Hello again good people,
What we have is a system with multiple channels, where each channel has an excitation source and a receiver, which feeds into a 1nF capacitor. The capacitor is shorted most of the time, with the line set as a digital IO in Open-Drain mode.
Our read cycle is currently as follows:
What we're observing is that the first channel read is higher than the other channels, no matter which one we select as the first. This is more obvious in the second run through with the excitation source off.
In some variants, step 14 above includes reads of the forward bias on the excitation sources, the temperature and the supply voltage (this last including a gain change on the fly). However, if we remove these reads the behaviour is still similar.
The capacitor shorting line is also the ADC read line. All of these sense lines are on Port 0. I initialise the sense lines as digital inputs in Open-Drain mode. To read them, our code was just setting the port pin high (turning off the pull-down transistor) and doing a read. It seemed to read reasonable values, even though the reference manual (diagram 11.2 of the BB2 RM) says it shouldn't. I've now re-coded it to re-initialise the pin as an Analog Input for the read, but it doesn't seem to change the behaviour.

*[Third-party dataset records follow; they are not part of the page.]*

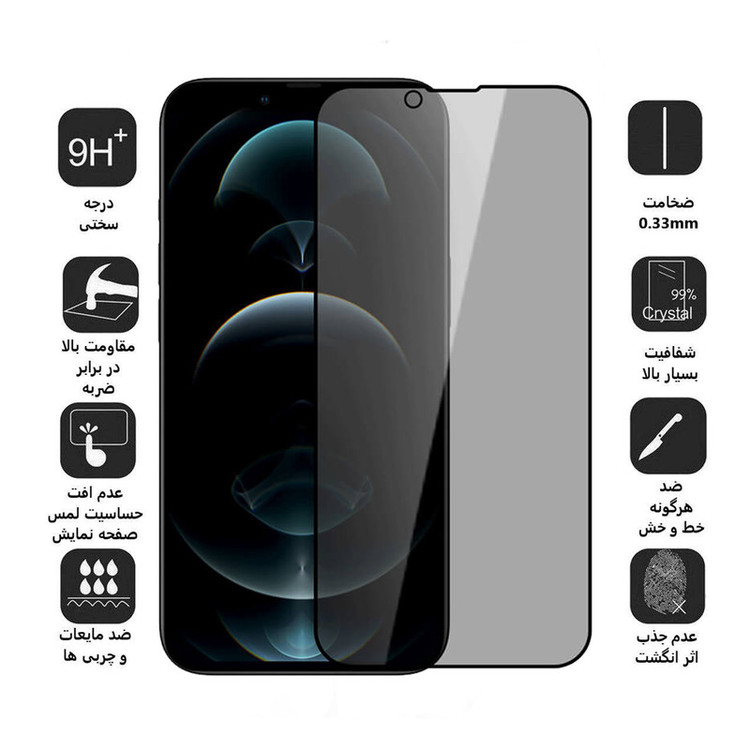 محافظ صفحه نمایش حریم شخصی اپیکوی مدل Pry مناسب برای گوشی موبایل اپل iPhone 14 / 13 / 13 Pro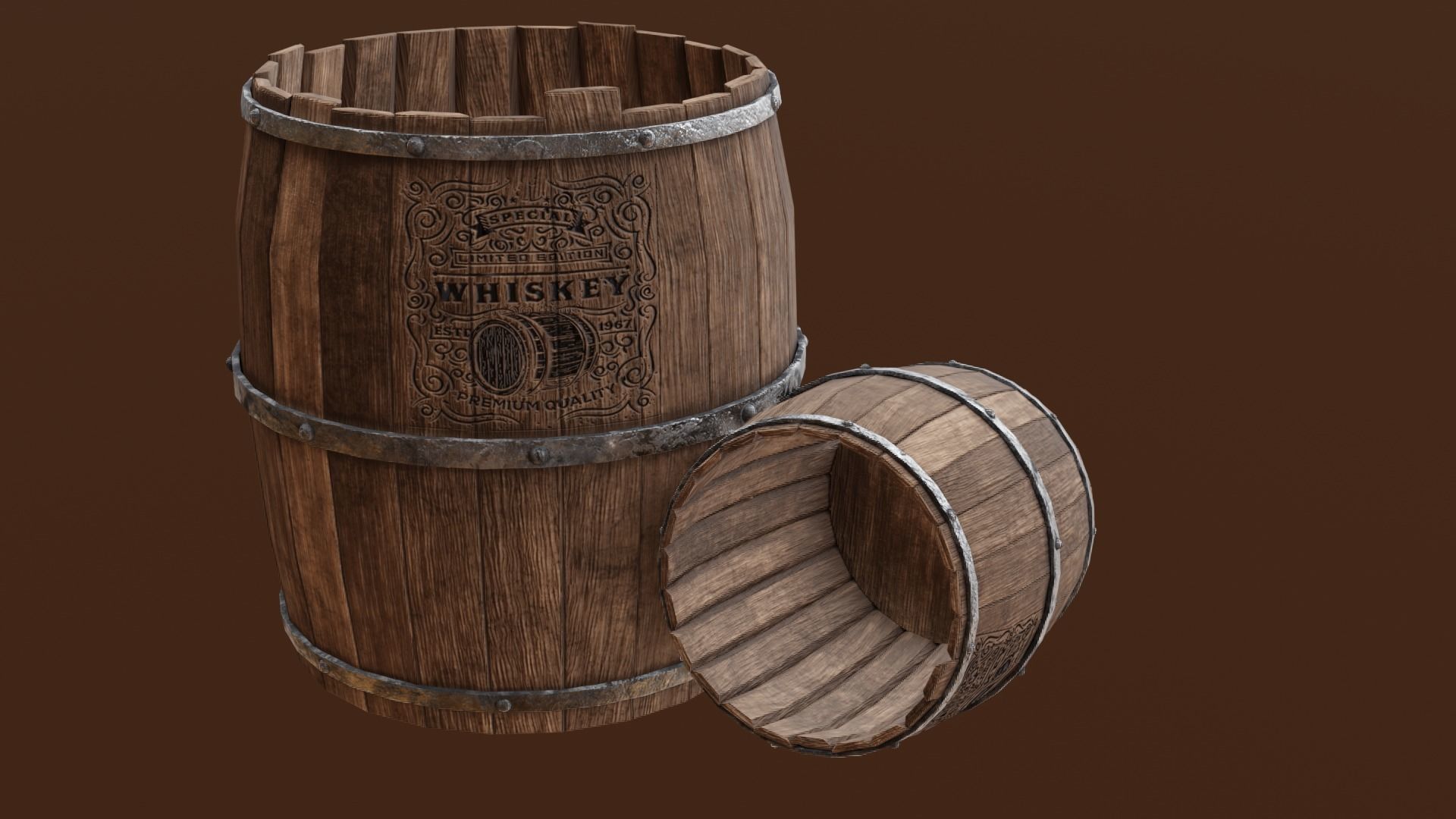Low Poly realistic barrel whiskey Low-poly 3D model_4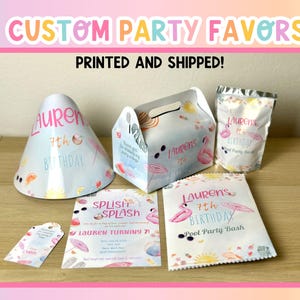 May include: A collection of custom party favors, including a party hat, gift box, popcorn bag, invitation, and tag. The items feature a beach theme with flamingos, umbrellas, and the text "Lauren's 7th Birthday".
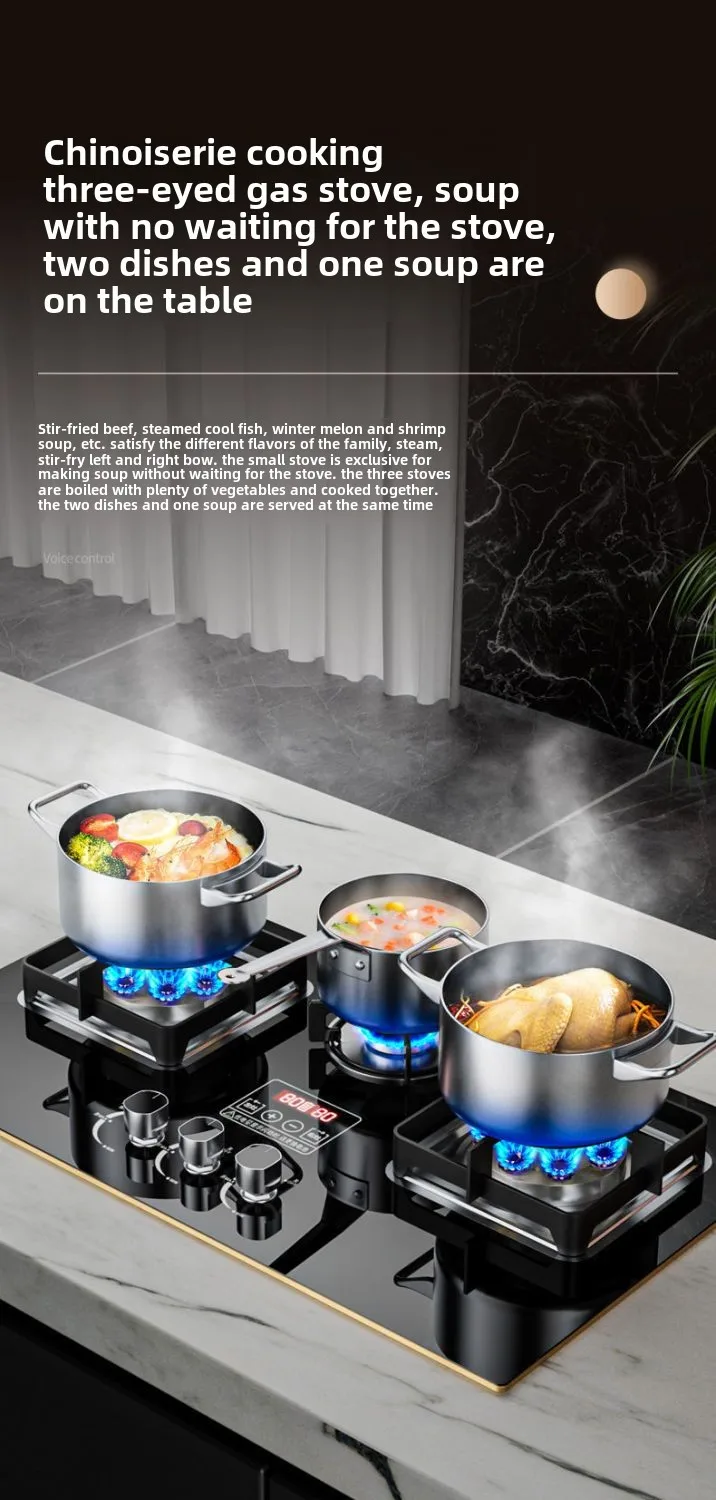 Three-burner gas stove desktop fierce fire gas stove embedded natural gas three-burner stove for home use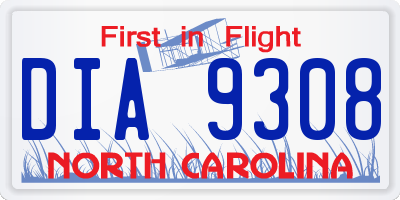 NC license plate DIA9308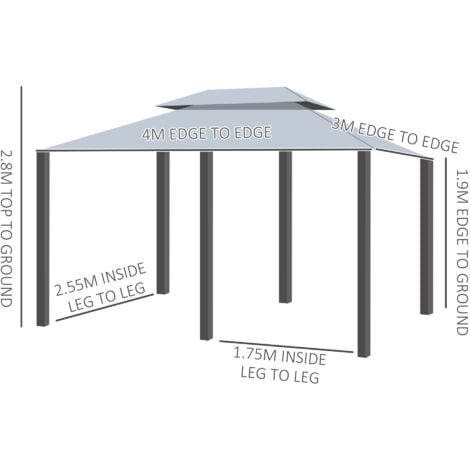 Outsunny 3 x 4m Outdoor 2-Tier Steel Frame Gazebo with Curtains Outdoor Backyard Grey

I have confirmed in my code and in the debugger that the ground reference is set to the power supply GND pin.
As a trial, I have added an additional step before every reading of the sensors to repeatedly read the ADC Ground channel until it drops below 5 counts. This has reduced the overvoltage, but not significantly. Worse, sometimes it reaches the limit of repeated reads (an arbitrarily-set 250) without dropping to or below 5 counts. We would expect it to drop to 1 or less within one read. Instead, we are seeing a lot of times where it takes tens or even hundreds of reads before it drops to that low a range. If I change the limit to 10 counts, it's only 1 read. Why does the GND channel not read 0?

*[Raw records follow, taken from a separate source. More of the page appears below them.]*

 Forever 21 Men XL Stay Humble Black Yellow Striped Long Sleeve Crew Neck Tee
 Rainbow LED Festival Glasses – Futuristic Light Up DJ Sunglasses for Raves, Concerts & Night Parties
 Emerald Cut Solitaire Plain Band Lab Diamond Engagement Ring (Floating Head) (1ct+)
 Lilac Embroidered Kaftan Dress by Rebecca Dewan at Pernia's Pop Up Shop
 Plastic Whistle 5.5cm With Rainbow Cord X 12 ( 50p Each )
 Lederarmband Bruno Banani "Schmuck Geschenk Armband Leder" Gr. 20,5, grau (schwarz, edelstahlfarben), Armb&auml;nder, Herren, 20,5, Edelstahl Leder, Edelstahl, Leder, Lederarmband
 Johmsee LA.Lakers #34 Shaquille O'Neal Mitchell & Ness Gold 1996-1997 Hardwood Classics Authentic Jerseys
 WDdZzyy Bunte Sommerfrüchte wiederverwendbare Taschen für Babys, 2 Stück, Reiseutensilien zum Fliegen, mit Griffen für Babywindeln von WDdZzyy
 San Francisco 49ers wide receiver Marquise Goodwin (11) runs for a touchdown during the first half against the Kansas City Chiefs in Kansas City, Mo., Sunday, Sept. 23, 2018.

I have posted a lot of details of my ADC and workflow code in this forum discussion (Changing ADC Gain On The Fly).
What is the excitation source? Is it safe to short it to ground? Does it have significant output impedance? Have you observed you power lines?
Thanks for the response.
They're all good questions.
The receiver is a photodiode. I've attached a portion of the schematic that I also posted to the other thread. The data sheet doesn't tell me directly what the impedance is, and it's been too many decades since my EE degree for me to try deriving it from the charts.
The datasheet says the photodiode is "Over-current-proof", but the short-circuit safety is an interesting question. We're not expecting a long lifetime from this particular product (hence the very cheap devices being used). Having said that, we've been using the prototype boards for some months now.

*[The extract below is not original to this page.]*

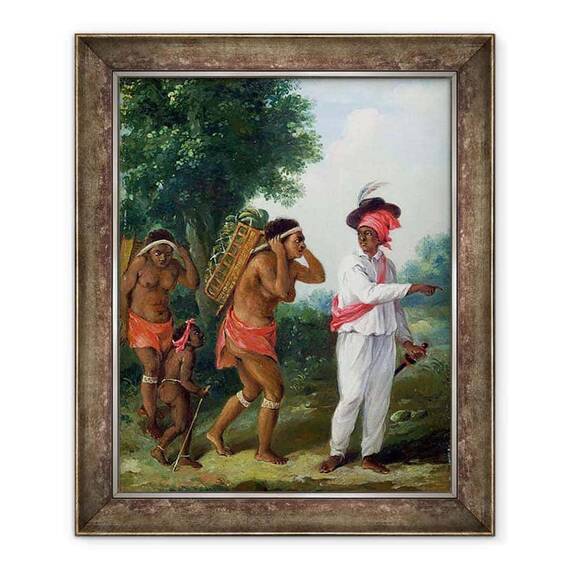 Tablou inramat - Agostino Brunias - Vest indian om de culoare, regia doua femei Carib cu un copil - - Roveli
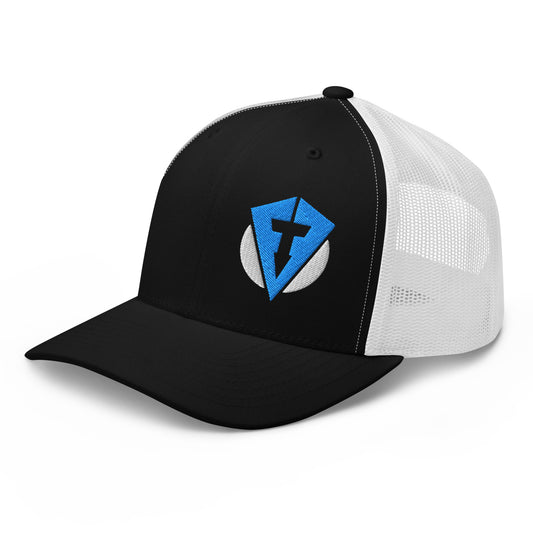 Main image of Black and white Fourteefore weekend warrior golf trucker cap with bright blue and white embroidered FTF logo on the left front panel. Casual everyday golf streetwear cap by fourteefore for on and off the course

On the dev kit, there's about +/-50mV (peak) of noise on the power supply lines when powered from USB. I'd expect quite a lot less on our custom board when powered by battery (which is how the measurements are taken). Our electronics and systems team members say there was "not enough to be concerned about." We're also very careful to turn on just one LED at a time, and not to take measurements until the lines have had time to settle after switching.
Can you share the complete schematic? Have you been able to observe the input to the ADC with a scope to ensure that the voltage isn't actually changing on the first sample? My first two guesses are that either the voltage is higher for the first sample, or the reference is lower. Unfortunately you can't drive the reference voltage to a pin to monitor it on this part. Do you see the same behavior if you switch your reference to VDD or an external reference?
Hi Joe and thanks for the response,
There's not much to the schematic, but I'm reluctant to share too much on a public forum.
Realistically, the key part of the schematic is that we have several of those photodiodes and matching LEDs to light them up, plus a few LEDs for user interaction, a UART port and a battery. The important/interesting parts of the schematic are in the .PNG file as shared.
All the ADC lines are on P0, together with the UART.
All the LED lines are on P1.
There are no spare pins available.
I've tried switching to the 1.65V reference, but it didn't change the behaviour significantly.
I haven't tried using Vdd as a reference - yet.
We do suspect the voltage might be varying. In our test setup, it shouldn't be - particularly when we turn off the lights in the optics lab to do the tests - but we haven't ruled out the possibility. It's a matter of working out why this might be the case.
If I get a chance during today, I'll put our actual board on the CRO. To check this. The problem is excluding the effects of ambient light - including that from the CRO's display.
With the equipment available at my desk, I've managed to observe the waveforms.
They're not particularly clean, due to ambient light, radiated mains noise, grounding issues, cheap CRO, etc.
However, the waveforms are visually of very similar levels regardless of when they're triggered, which channel it is, etc.